Ok, if you completed the model to this point your doing great! We have the basic form of the iPhone done. At this time we need to smooth it out some. Go to your top menu and find “Modifiers”…then “Subdivision Surfaces” and select the “HSDS Modifier”. Once you have it on top of your editable poly in the stack (modify panel on the right) your going to need to collapse all. Right click on the HSDS Modifier and click “Collapse All”. This is going to automatically change it into an Editable Mesh. We need to get back to Editable Poly, so right click on the Editable Mesh and choose “Convert to: Editable Poly”. That gets us back and ready to go.
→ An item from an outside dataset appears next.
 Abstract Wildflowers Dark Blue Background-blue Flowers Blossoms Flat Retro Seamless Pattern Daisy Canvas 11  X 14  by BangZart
You’ll also notice if you look at your model, the harsh edges around the curved areas are now smoothed out.

Step 11.

It’s time now to create the mic area of the phone. Yes that complex inseted area that cuts into the face of the phone at the bottom of the screen. We’re going to do it with ease though and I’ll show you how without using Boolean! Ok so first thing we need to do is go to our Edge sub-object and select the verticle edge going down across the middle of the mic area. Use your front viewport while doing this and make sure your object is set to invisible mode (alt + x). Go down your modify panel and find “Tessellate”. To the right of the Tessellate button, click the Tessellate Setting button which looks like a black box with a gray cut out (see image to the left for a visual reference of this). Tessellate just once, Tessellation Type=Edge, click ok. Then go to your Vertex sub-object mode and find the center vertex within that tessellated area. Tessellate it a total of 2 times…each time making sure to click ok, deselecting the newly created vertices, then grabbing the center vertex to tessellate. See the image to the left here for a walk through. Again, we’re only Tessellating 3 times…our first one is while in Edge sub-object, then two more on that center vertex while in Vertex sub-object mode.

 Step 12.

We need to start forming these newly created edges and vertices from step 11 into a circular form to match up with the circle of the mic. To do this, while in your front viewport and object set to invisible mode, use your back reference image as your guide and start moving the vertices. Try to move them evenly, selecting two opposite vertices at a time if necessary and form them around the mic. See the before and after pic for this step here to the right. Mine doesn’t come out perfect, but it really doesn’t need to be perfect. If you are looking for more of a perfect circle, try using the scale tool while moving two opposite vertices.

Step 13.

Grab the 9 vertices that make up the center of the mic without selecting the outer vertices of the circle. Move over to your left viewport, and drag them in using your move tool. Bring them in to almost touch the verticle line running down the side. Now, move back to the front viewport and select just the very center vertex. Go back to your Left viewport and drag it in just beyond the vertical line. That gives us the inset form of the mic.

Step 14.

Next we need to connect some vertices. As shown in the image to the left here, select the pair of vertices labeled “1.” there and go to the modify panel on the right and hit the “Connect” button. Go through all 8 pairs as labeled in the picture and connect each pair one at a time. You should have something similar to the image that is labeled “Finished Result” when you’ve completed this step.

Step 15.

This next step will complete our mic area. I’ve created two videos to help walk you through this step. Please click on the videos above to see how the mic is completed. Videos are in youtube  format.  Make any necessary adjustments to your mic that you feel is desired.

Step 16.

Now we need to create the ear-piece insetting on the top of the screen. This will be a bit easier than the mic area because we don’t need to mess with smoothing it. So first thing we need to do is grab that center vertical edge going across the middle of where the speaker will be. Tessellate it (Type = Edge). Then grab the two outer edges that we don’t need and either hit the “Remove” button or hit “Backspace” on your keyboard to remove them. Next grab the two vertices that are unnecessary and “backspace” to remove them as well. Grab your center vertex (step five in the first image to the left here) and tessellate it. Move the top row of vertices down, then move the bottom row of vertices up to match up with the speaker area. Adjust the center row if desired. Grab that center vertex once more and tessellate it again. Finally adjust the vertices to the left or right on the outer part of the speaker to get a rounded look.
the second image here to the left, grab all the polygons that make up your speaker area. Extrude them with a value of -0.02. Hit ok, and your done with this step.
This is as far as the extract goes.